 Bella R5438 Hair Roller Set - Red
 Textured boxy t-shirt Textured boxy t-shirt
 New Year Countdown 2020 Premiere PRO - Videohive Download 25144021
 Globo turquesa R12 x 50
---
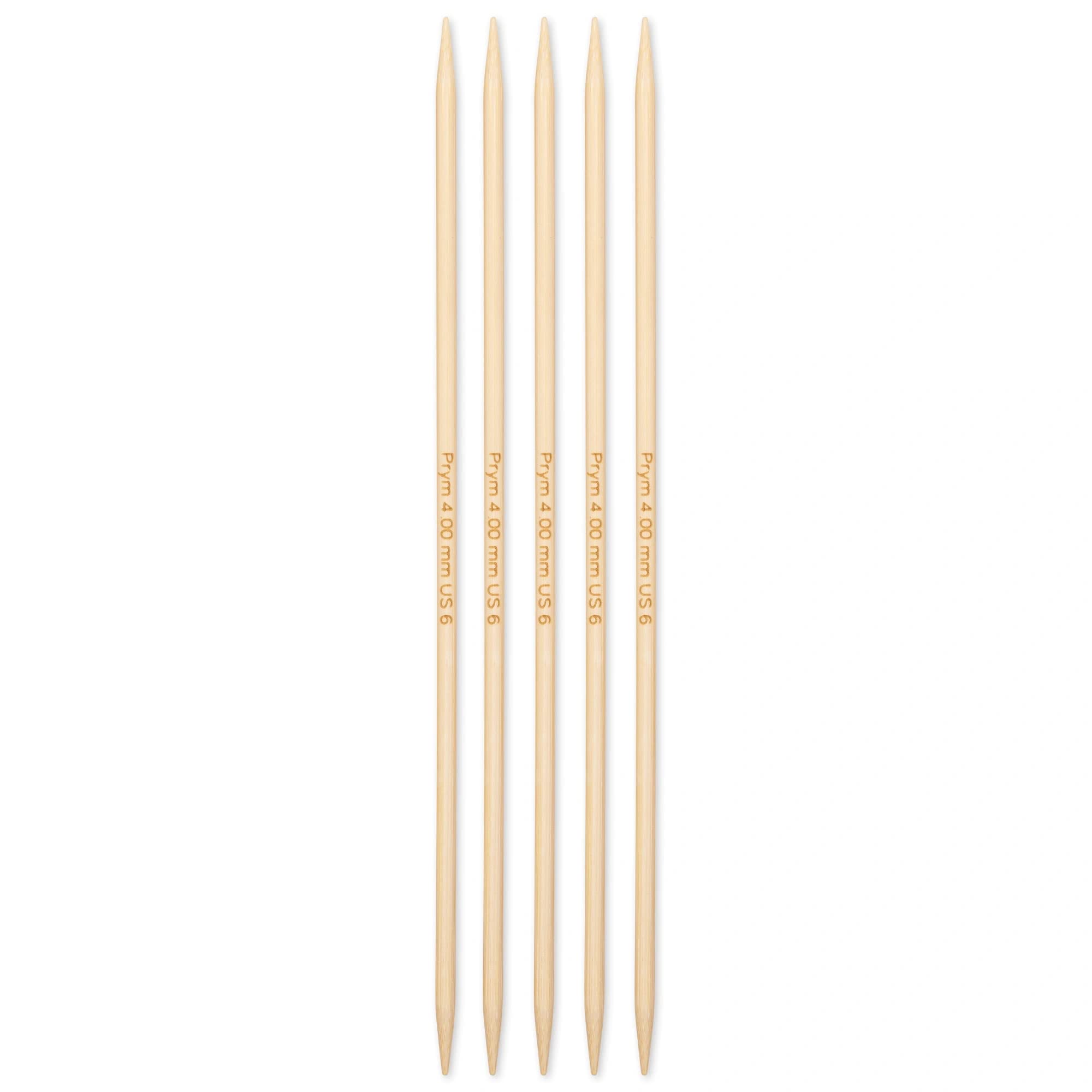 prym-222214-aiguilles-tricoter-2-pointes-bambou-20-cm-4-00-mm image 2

**TASK TO COMPLETE**
Give back, exactly as written, the stretch from the line with "Textured boxy t-shirt Textured boxy t-shirt" through the line with "Globo turquesa R12 x 50", and no other lines from the records above.

**OUTPUT**
 Textured boxy t-shirt Textured boxy t-shirt
 New Year Countdown 2020 Premiere PRO - Videohive Download 25144021
 Globo turquesa R12 x 50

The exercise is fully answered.